Can someone tell me if I'm just going about the setup the wrong way?
I have the following models that have has_many.through associations:
class Listing < ActiveRecord::Base
attr_accessible ...
has_many :listing_features
has_many :features, :through => :listing_features
validates_presence_of ...
...
end
class Feature < ActiveRecord::Base
attr_accessible ...
validates_presence_of ...
validates_uniqueness_of ...
has_many :listing_features
has_many :listings, :through => :listing_features
end
class ListingFeature < ActiveRecord::Base
attr_accessible :feature_id, :listing_id
belongs_to :feature
belongs_to :listing
end
I'm using Rails 3.1.rc4, FactoryGirl 2.0.2, factory_girl_rails 1.1.0, and rspec. Here is my basic rspec rspec sanity check for the :listing
factory:
it "creates a valid listing from factory" do
Factory(:listing).should be_valid
end
Here is Factory(:listing)
FactoryGirl.define do
factory :listing do
headline 'headline'
home_desc 'this is the home description'
association :user, :factory => :user
association :layout, :factory => :layout
association :features, :factory => :feature
end
end
The :listing_feature
and :feature
factories are similarly setup.
If the association :features
line is commented out, then all my tests pass.
When it is
association :features, :factory => :feature
the error message is
undefined method 'each' for #<Feature>
which I thought made sense to me because because listing.features
returns an array. So I changed it to
association :features, [:factory => :feature]
and the error I get now is ArgumentError: Not registered: features
Is it just not sensible to be generating factory objects this way, or what am I missing? Thanks very much for any and all input!
Creating these kinds of associations requires using FactoryGirl's callbacks.
A perfect set of examples can be found here.

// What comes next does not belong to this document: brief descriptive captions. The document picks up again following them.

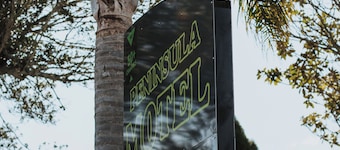 Peninsula Motel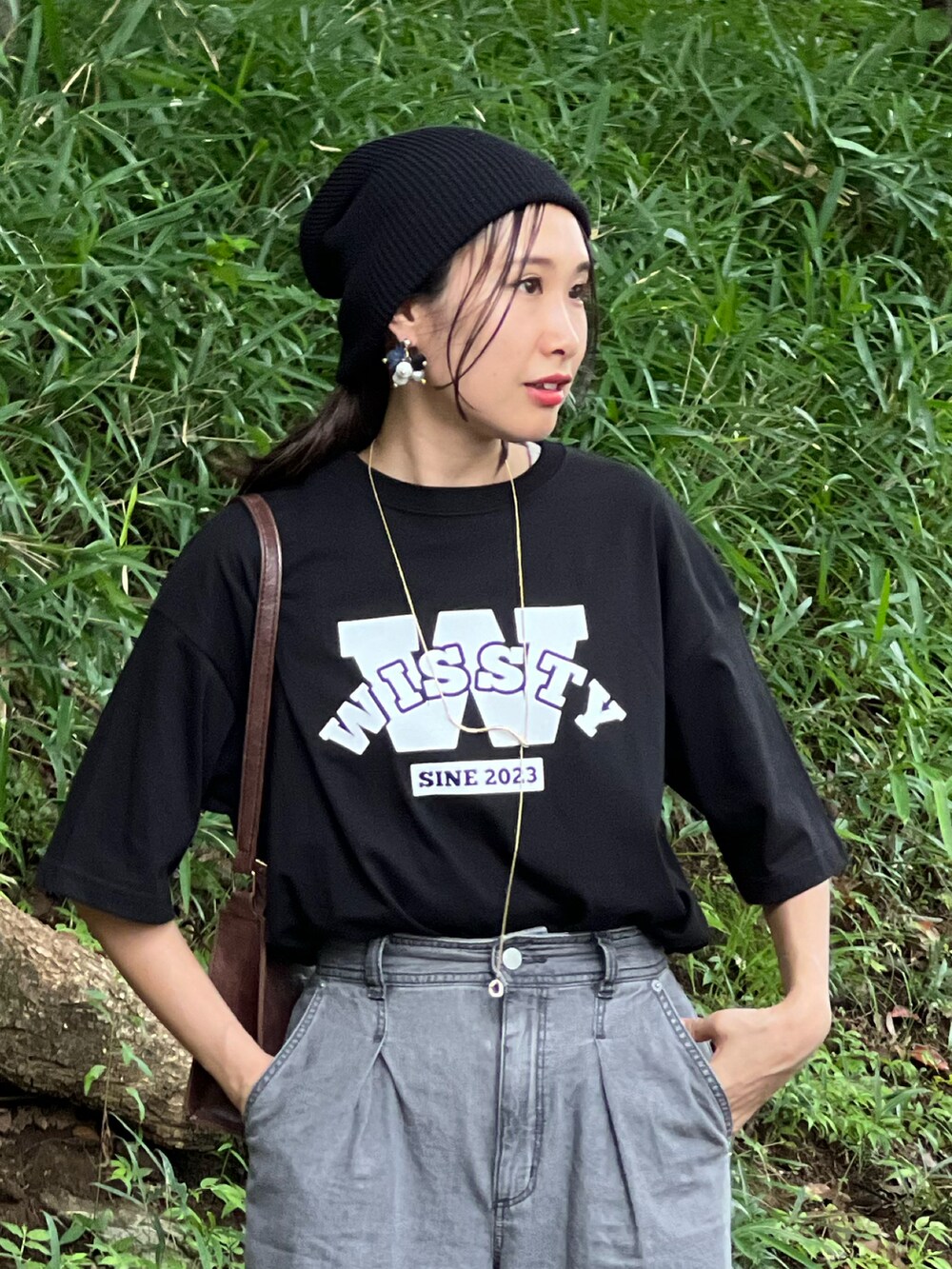 ブラック系のTシャツ/カットソー、グレー系のデニムパンツ、ブラウン系のショルダーバッグを着用したレディースの夏コーディネートの4枚目の写真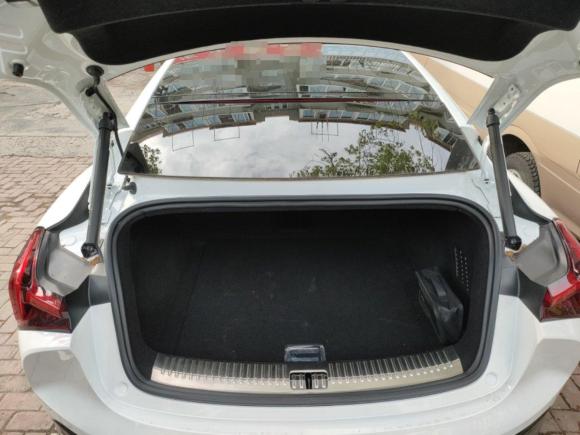 [上海·苏E] 二手哪吒汽车哪吒S2022款 纯电 650km 四驱大版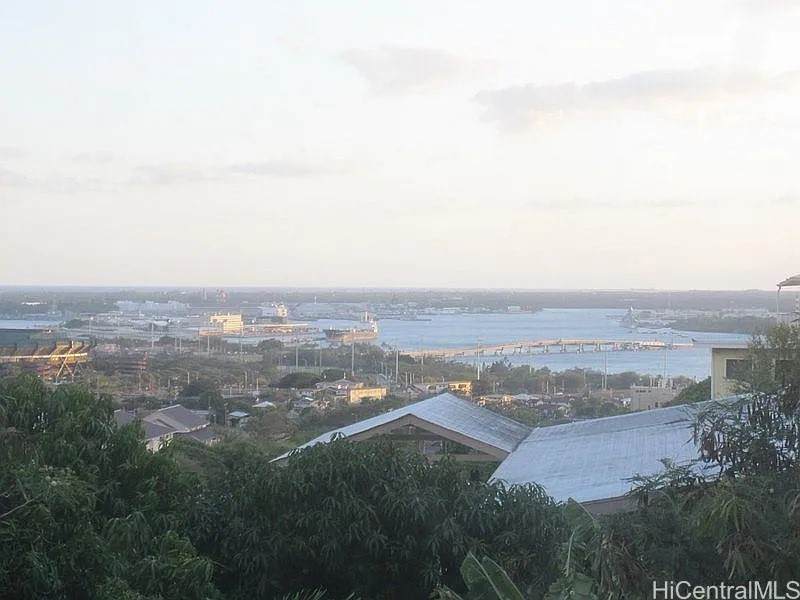 https://bt-photos.global.ssl.fastly.net/honolulu/orig_boomver_1_202605554-2.jpg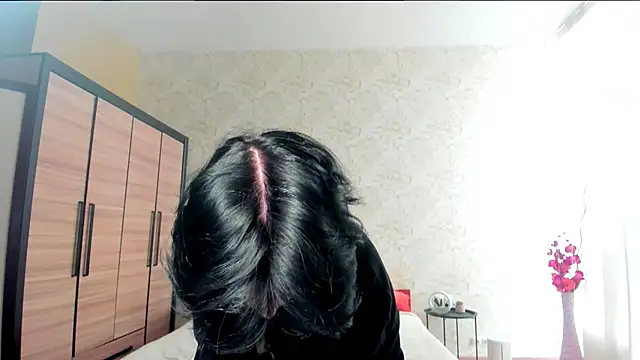 JulisSweet online show from February 10, 7:36 am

http://robots.thoughtbot.com/post/254496652/aint-no-calla-back-girl
To bring it home to your example.
Factory.define :listing_with_features, :parent => :listing do |listing|
listing.after_create { |l| Factory(:feature, :listing => l) }
#or some for loop to generate X features
end
Alternatively, you can use a block and skip the association
keyword. This makes it possible to build objects without saving to the database (otherwise, a has_many association will save your records to the db, even if you use the build
function instead of create
).
FactoryGirl.define do
factory :listing_with_features, :parent => :listing do |listing|
features { build_list :feature, 3 }
end
end
I tried a few different approaches and this is the one that worked most reliably for me (adapted to your case)
FactoryGirl.define do
factory :user do
# some details
end
factory :layout do
# some details
end
factory :feature do
# some details
end
factory :listing do
headline 'headline'
home_desc 'this is the home description'
association :user, factory: :user
association :layout, factory: :layout
after(:create) do |liztng|
FactoryGirl.create_list(:feature, 1, listing: liztng)
end
end
end
You could use trait
:
FactoryGirl.define do
factory :listing do
...
trait :with_features do
features { build_list :feature, 3 }
end
end
end
With callback
, if you need DB creation:
...
trait :with_features do
after(:create) do |listing|
create_list(:feature, 3, listing: listing)
end
end
Use in your specs like this:
let(:listing) { create(:listing, :with_features) }
This will remove duplication in your factories and be more reusable.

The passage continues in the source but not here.